**Task material**
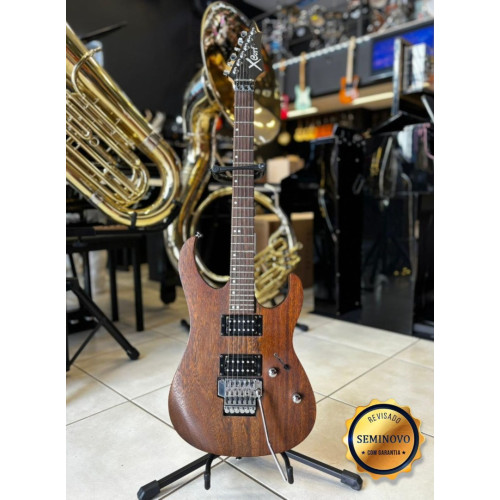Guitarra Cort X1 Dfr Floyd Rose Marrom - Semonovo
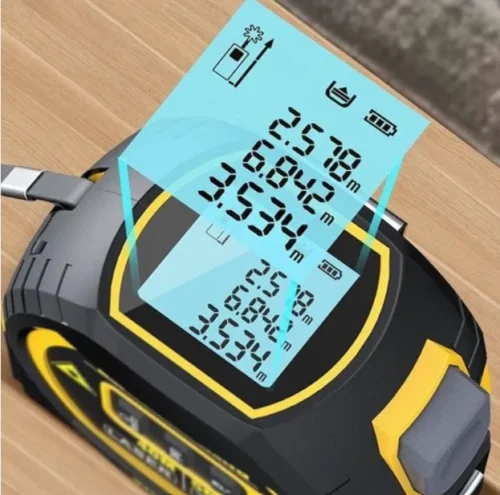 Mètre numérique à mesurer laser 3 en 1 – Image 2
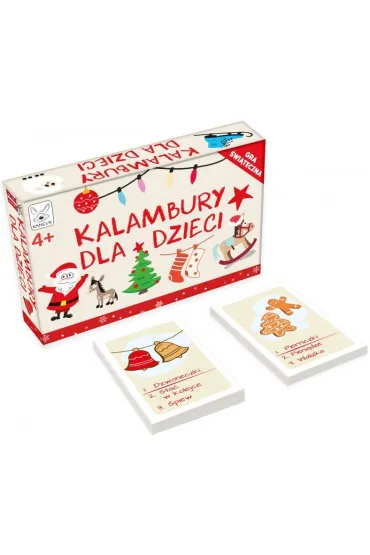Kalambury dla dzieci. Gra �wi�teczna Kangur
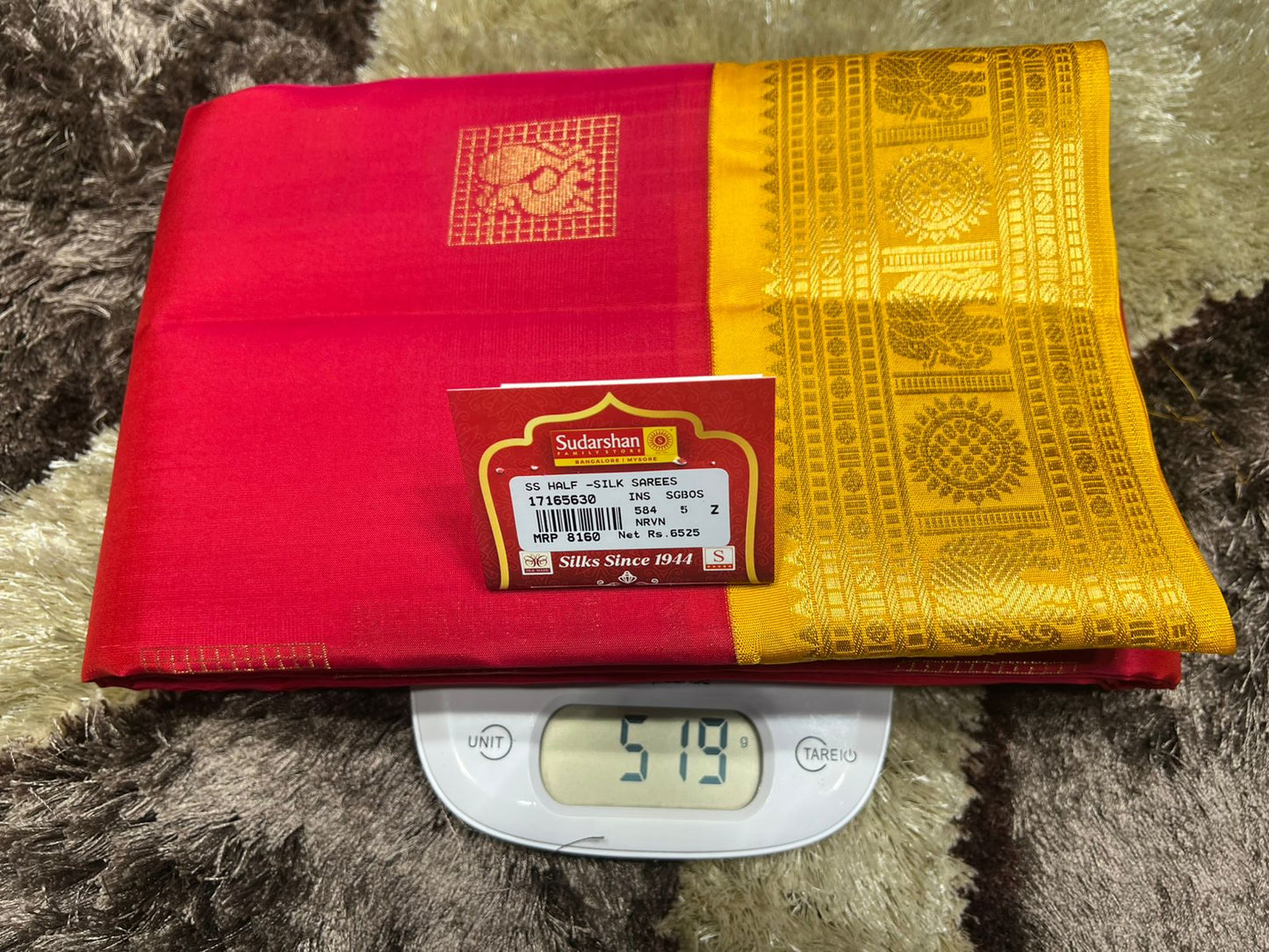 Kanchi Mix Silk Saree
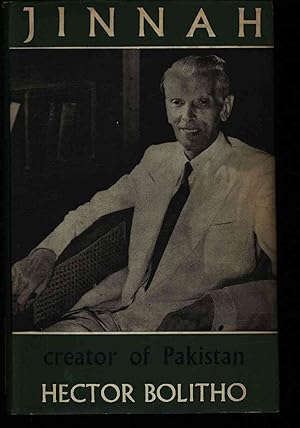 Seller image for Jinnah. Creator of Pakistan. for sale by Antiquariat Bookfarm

**Assignment**
A faithful copy of all the lines above is needed, with the pictures omitted.

**Result of this exercise**
Guitarra Cort X1 Dfr Floyd Rose Marrom - Semonovo
 Mètre numérique à mesurer laser 3 en 1 – Image 2
Kalambury dla dzieci. Gra �wi�teczna Kangur
 Kanchi Mix Silk Saree
 Seller image for Jinnah. Creator of Pakistan. for sale by Antiquariat Bookfarm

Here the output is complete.